Last month, the County Council split 4-3 to table Dull’s request to schedule a public determination hearing to kick-start the referendum process.
Some County Council members did not feel they had been educated enough on the matter, and others have expressed dissatisfaction with a recommended plan to put the two consolidated dispatch centers in East Chicago and Hobart.
Dull then appeared before the county’s Emergency Communications Commission with a revised version of a proposed interlocal agreement that must be signed by the county and all municipalities that operate their own dispatch centers. He reworked the agreement to include funding plans for capital expenses and annual operations, and to get more participation. Of the 17 cities and towns that need to sign the agreement, only six passed the original version.
In it, he wrote that the first priority when considering bonding should be to secure voter approval. Doing so would allow the county to collect funds for the annual bond payments as part of a countywide property tax outside the state’s constitutional tax limits.
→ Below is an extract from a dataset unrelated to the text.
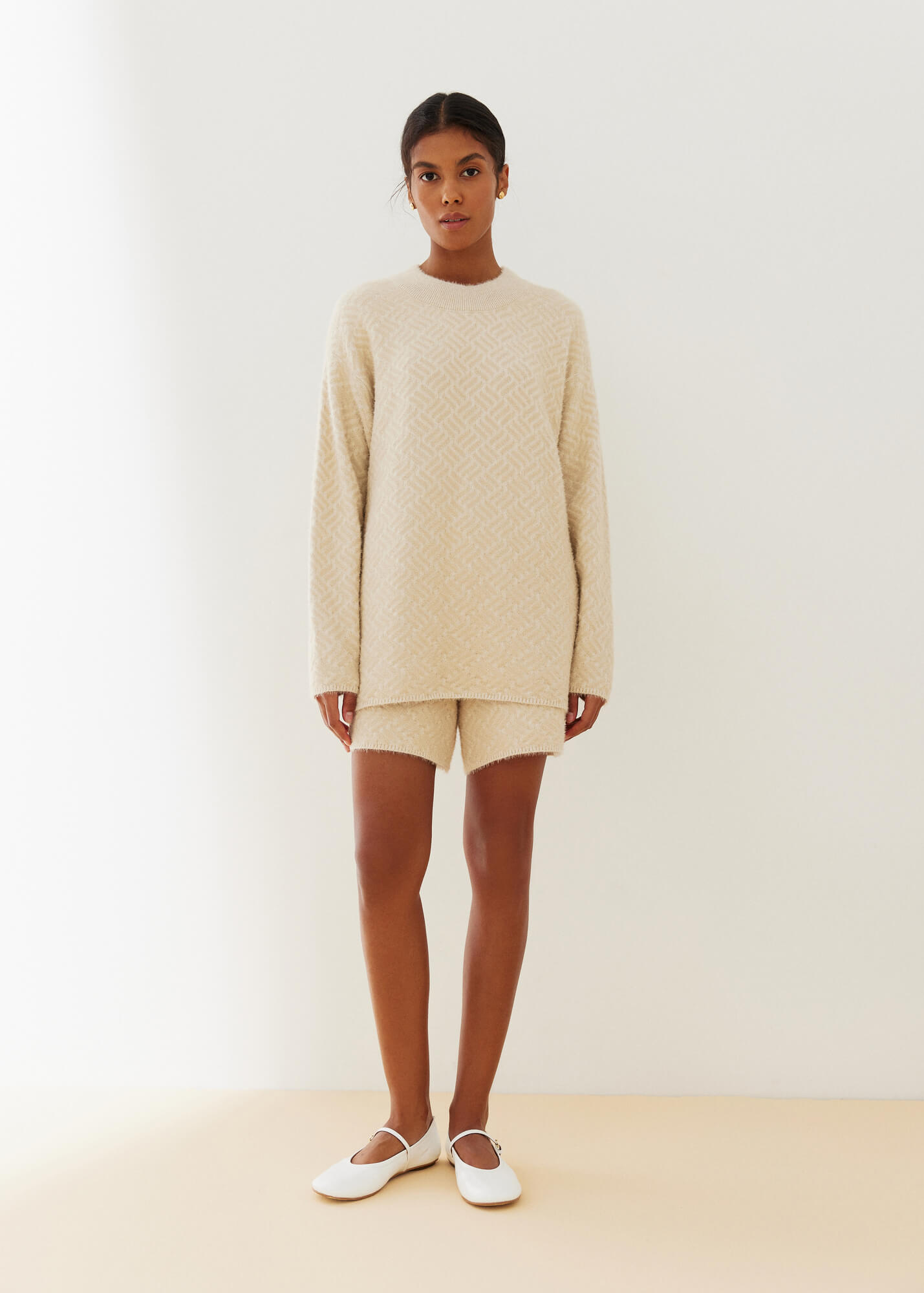 Готовый образ для дома: костюм из джемпера и шортов от 25 Union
Before addressing the council on Tuesday, Dull provided two proposed timetables for the referendum, revised on Friday of last week. However, when he was invited to address the council he said one of the two does not meet the required Aug. 1 submission deadline, and the other might not hold up in court.
With no action to take, the council moved on.
Larry Blanchard, a financial assistant to the Board of Commissioners and member of the county’s 911 finance consolidation committee, said the funding question — namely how to pay for the capital costs of consolidation — now depends on the final outcome of the interlocal agreement.
“It will have to go to a straight up bond issue,” Blanchard said, noting there are scenarios through which the county and municipalities could avoid triggering the tax caps. He has suggested bonding separately for each dispatch center, as well as a separate bond issue for the radio equipment, to void hitting the magic $12 million mark.
Triggering the tax caps would mean that the county and the cities and towns would have cut their existing budgets to pay for the bond payments.
The 911 Committee set an Aug. 15 deadline for written responses to the new interlocal agreement from mayors and town council presidents, which will be discussed at its next meeting on Aug. 23.